Something old, something new and some things change – FinIA Update

After a long wait in the Committee on Economic Affairs and Taxation, the Council of States, the upper chamber of the Swiss parliament, approved in its 2016 winter session the bill for a Federal Act on Financial Institutions (FinIA) as well as amendments of other statutes, such as the Federal Act on Banks and Saving Banks of 8 November 1934 and the Federal Act on the Swiss Financial Market Supervisory Authority of 22 June 2007. This approval allows this bill to move forward to the National Council, the lower chamber of the Swiss parliament.

Overall, the bill on the FinIA and its schedules, as approved by the Council of States, remains close to the draft bill presented by the Federal Council (see CapLaw-2016-7). Most changes seek to clarify the project rather than challenge fundamentally the initial proposal. Two exceptions deserve, however, further attention: first, the Council of States refused to create a framework for a new supervisory authority solely responsible for supervising portfolio managers. Instead, it opted to draw a line between day-to-day supervision, which is due to be entrusted to a new supervisory authority, who in turn can rely on the work of audit firms or carry out their own reviews, and more supervisory actions such as licensing and enforcement action, which will remain with FINMA.

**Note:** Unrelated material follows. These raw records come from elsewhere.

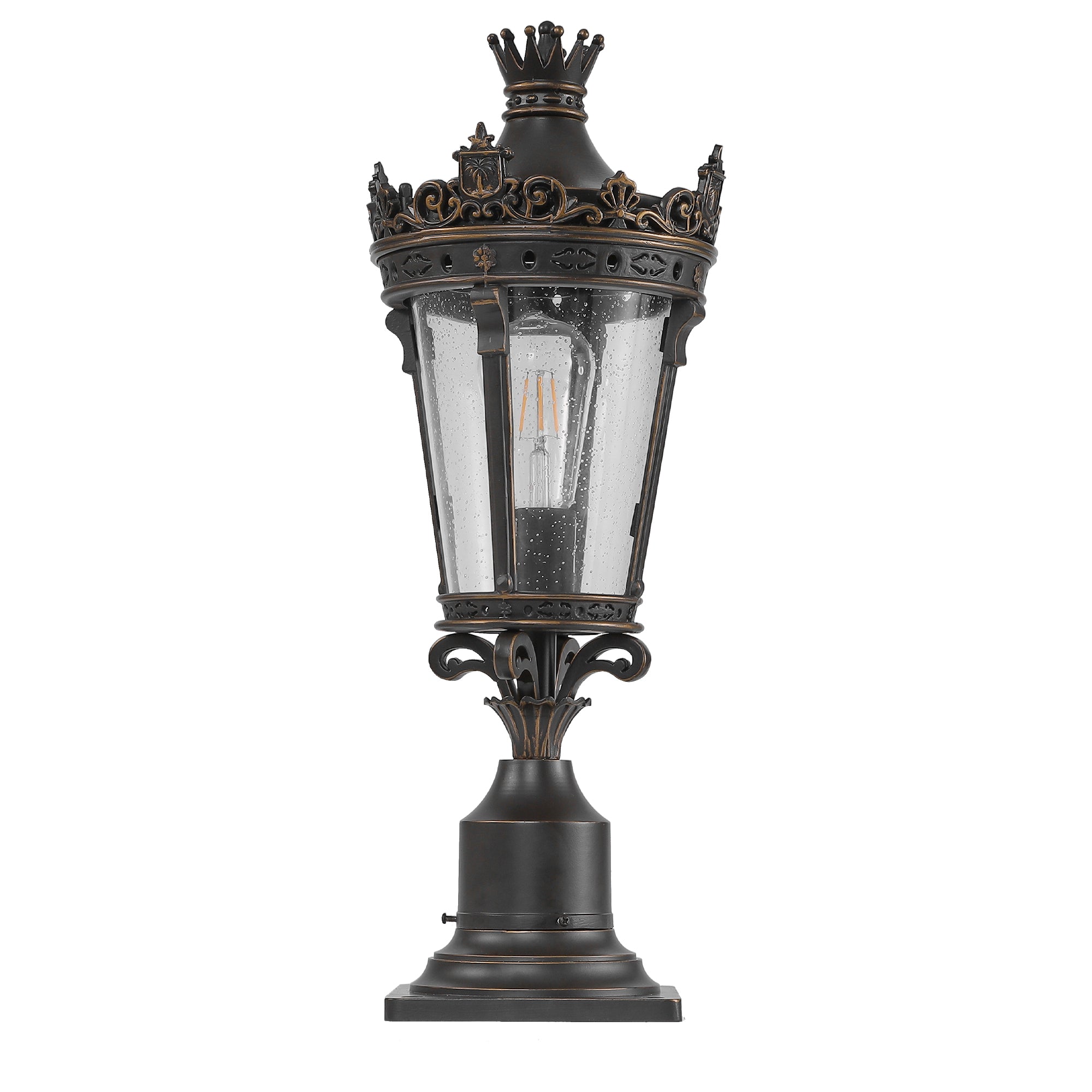 22 H Vintage Crown Outdoor Post Lantern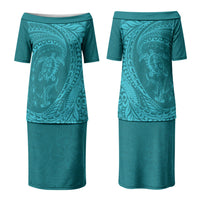 Hawaiian Turtle and Shark Couples Matching Puletasi and Hawaiian Shirt Kakau Tribal with Polynesian Pattern Turquoise Color LT03 - Polynesian Pride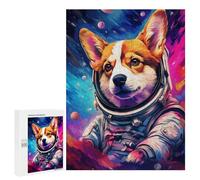 500 PCS Puzzles for Teenagers Corgi Astronaut in Space -12 Jigsaw Puzzles for Teenagers Staycation Kill Time Help The Brain Exercise Family Fun & Game Night 500 PCS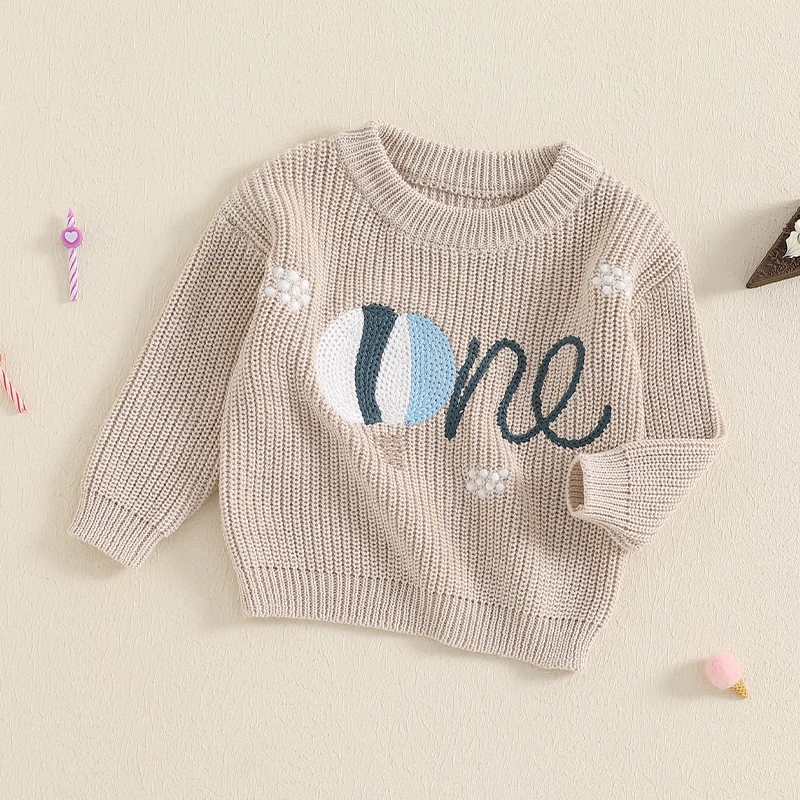 FOCUSNORM 5 Farben Herbst Winter Baby Jungen Mädchen Geburtstag Pullover Brief Stickerei Warme Gestrickte Langarm Pullover Strickwaren – Detail 2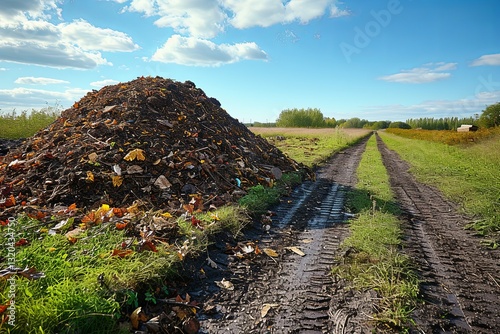 Obraz na płótnie Compost Pile On Dirt Road Field w salonie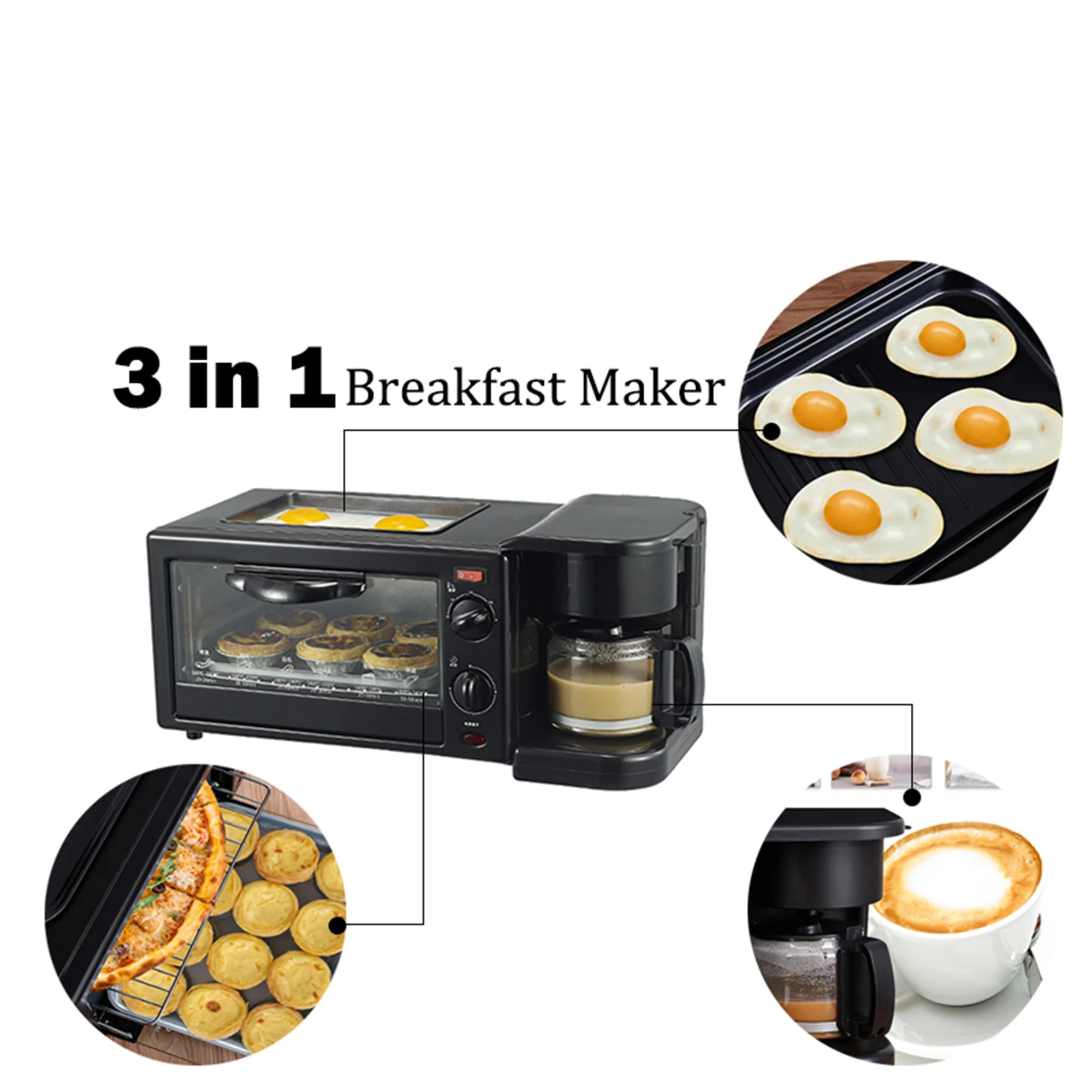 Coffee Maker Sandwich Maker Breakfast Hub And Griddle Pan 3 In 1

By Rashid Bahar (Reference: CapLaw-2017-06)

1) Dual Supervision of Asset Managers and Trustees

The most important change to the FinIA relates to the supervision of asset managers and trustees. Instead of entrusting the supervision of asset managers and trustees to newly created supervisory organizations, the bill approved by the Council of States proposes to share supervisory powers between FINMA and supervisory organizations.

Under this model, FINMA will license and supervise asset managers and trustees (article 43b (1) draft FINMASA and article 57 (1) draft FinIA). However, asset managers and trustees will be required to join a supervisory organization which will be responsible for the day-to-day supervision (article 57 (1) and (1bis) draft FinIA). The supervisory organizations will be entitled to rely on audit firms to inspect asset managers and trustees following the dual-supervisory model applied by FINMA or carry out the inspection themselves, as some self-regulatory organizations already do in the realm of anti-money laundering regulations (article 58 (1) draft FinIA and article 43n (1) draft FINMASA). Furthermore, the supervisory organization will also be responsible to act as a self-regulatory organization under the Federal Act on Combating Money Laundering and Terrorist Financing of 10 October 1997 provided it was recognized as such (article 43a draft FINMASA).

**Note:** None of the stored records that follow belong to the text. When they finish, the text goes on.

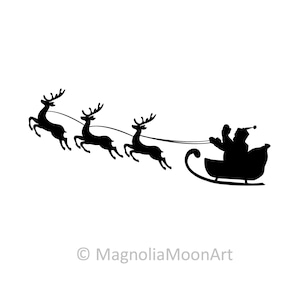 Santa Claus with Reindeer svg, Christmas svg, cut file for cricut, Winter Scene svg, dxf for laser cut, PNG JPG, flying deer svg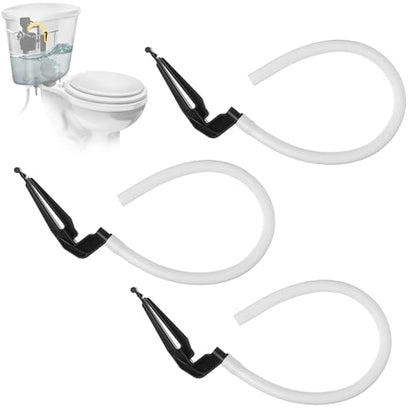 3 Pack Toilet Refill Tube and Clip Replacement, Toilet Repair Kit Inside Tank Compatible with 100, 200, 200A, 400A and Most Other Valves, 9.65” Length, Rubber and Plastic(White) - color: White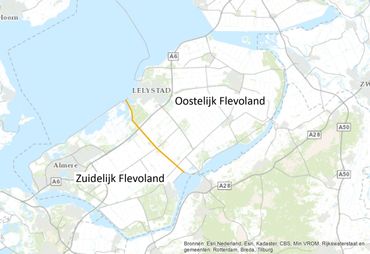 Ligging Oostelijk en Zuidelijk Flevoland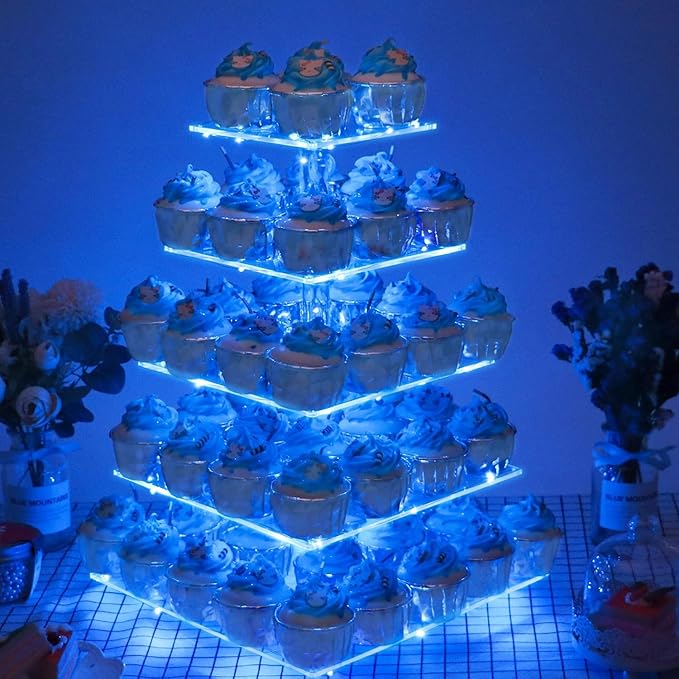 YestBuy 5 Tier Cupcake Stand Acrylic Cupcake Tower Display with LED Light Premium Cupcake Holder Dessert Tree Tower for Birthday Cady Bar Party Décor Weddings, Birthday Parties Events (Blue Light)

Under normal circumstances, the supervisory organization will be responsible for the day-to-day supervision (article 43b (1) draft FINMASA), while FINMA will stay in the background. Asset managers and trustees will be required to respond to any request for information that the supervisory organization requires to carry out its statutory duties and to inform the supervisory organization of the occurrence of any event that is of material importance for the supervision (article 43p draft FINMASA).

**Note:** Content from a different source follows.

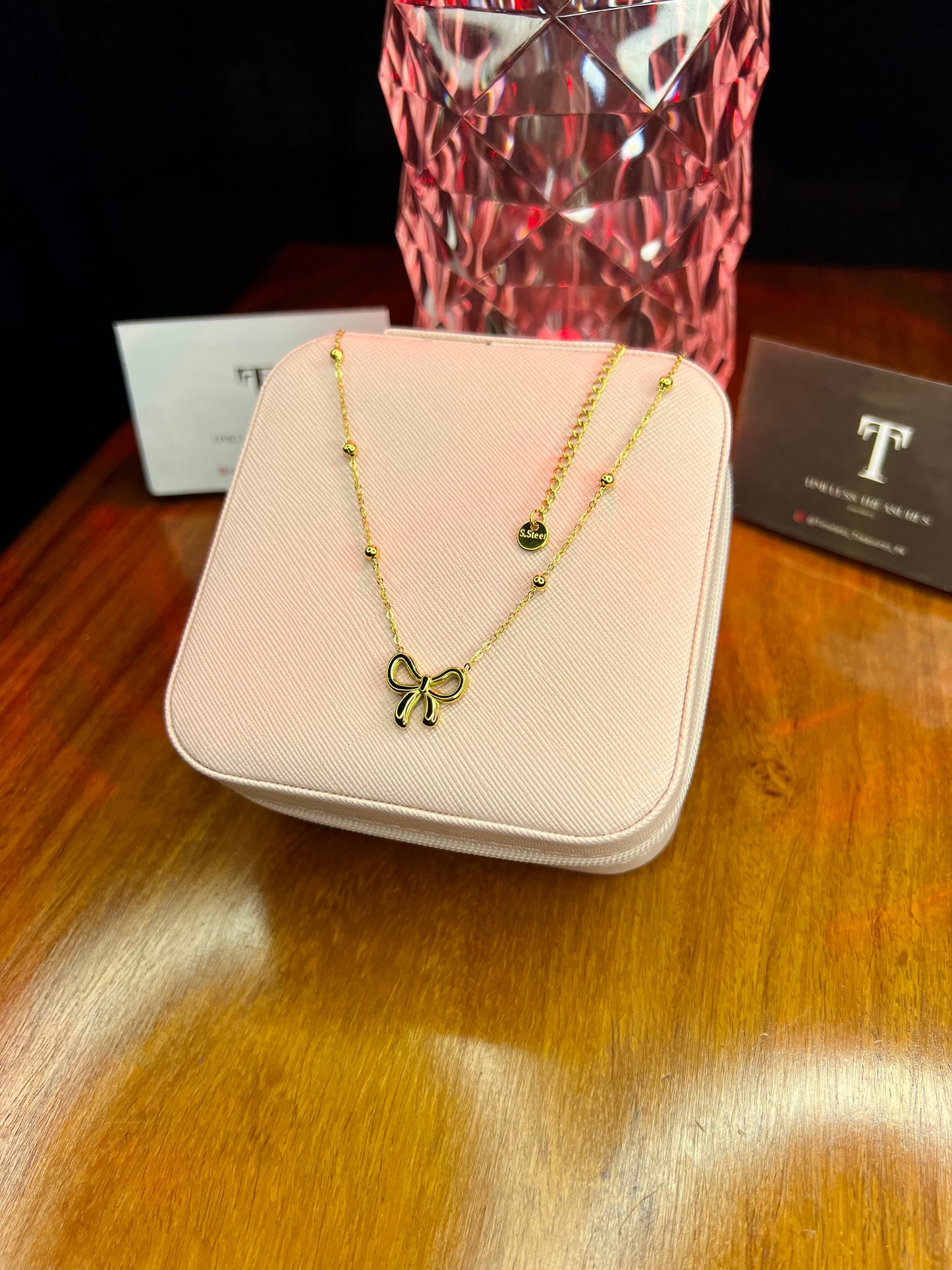 Premium Quality Stainless Steel 18k Luxury Bow Necklace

The supervisory organization will not have formal administrative powers, however. This role will remain with FINMA, who will be in charge of licensing and taking formal enforcement action against asset managers and trustees. If, in the course of their supervision, a supervisory organization finds that an asset manager or a trustee breached its obligation, it will be required to set a deadline to the regulated entity to remedy the situation and if it fails to act within the deadline, it will be required to report the matter to FINMA (article 43b (1bis) draft FINMASA). FINMA will then take over the case and will be empowered to use the full palette of administrative measures available to it, including issuing a declaratory ruling (article 32 FINMASA), ordering remedial measures (article 31 FINMASA), prohibiting a person from exercising a controlling function within a supervised entity (article 33 FINMASA), naming and shaming (article 34 FINMASA), confiscating undue profits (article 35 FINMASA), appointing an investigating agent to clarify the facts or manage the institution (article 36 FINMASA) or even withdraw the license (article 37 FINMASA).

The split between supervisory organizations and FINMA will, however, need to be clarified in practice. Indeed, the line between supervision and enforcement is not clear. It is, therefore, likely that FINMA will create a halfway house to deal with entities that need to be monitored closely although their actions would not justify taking formal enforcement proceedings, as it already does in connection with banks and securities dealers that are subject to so-called intensive supervision.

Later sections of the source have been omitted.